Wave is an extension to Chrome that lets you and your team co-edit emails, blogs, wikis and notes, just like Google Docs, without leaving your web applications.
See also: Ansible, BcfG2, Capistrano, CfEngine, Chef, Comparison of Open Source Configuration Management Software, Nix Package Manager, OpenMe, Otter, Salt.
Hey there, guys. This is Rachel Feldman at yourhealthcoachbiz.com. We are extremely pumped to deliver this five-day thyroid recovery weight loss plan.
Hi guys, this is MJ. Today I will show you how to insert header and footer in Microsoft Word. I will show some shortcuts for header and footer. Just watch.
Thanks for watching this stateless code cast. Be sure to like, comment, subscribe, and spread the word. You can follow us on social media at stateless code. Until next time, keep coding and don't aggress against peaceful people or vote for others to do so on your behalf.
...
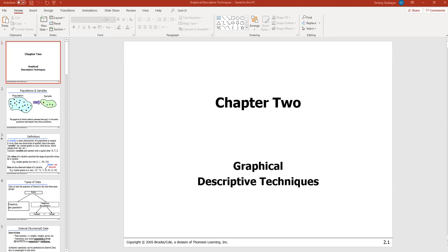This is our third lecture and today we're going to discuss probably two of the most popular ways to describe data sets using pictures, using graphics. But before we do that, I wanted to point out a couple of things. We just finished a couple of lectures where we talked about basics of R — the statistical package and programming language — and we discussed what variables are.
==
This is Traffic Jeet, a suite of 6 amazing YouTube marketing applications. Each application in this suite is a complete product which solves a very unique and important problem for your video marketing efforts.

_EXERCISE DESCRIPTION:_ Copy every line of the listing that contains the word "like".

_RESULT:_
Wave is an extension to Chrome that lets you and your team co-edit emails, blogs, wikis and notes, just like Google Docs, without leaving your web applications.
Thanks for watching this stateless code cast. Be sure to like, comment, subscribe, and spread the word. You can follow us on social media at stateless code. Until next time, keep coding and don't aggress against peaceful people or vote for others to do so on your behalf.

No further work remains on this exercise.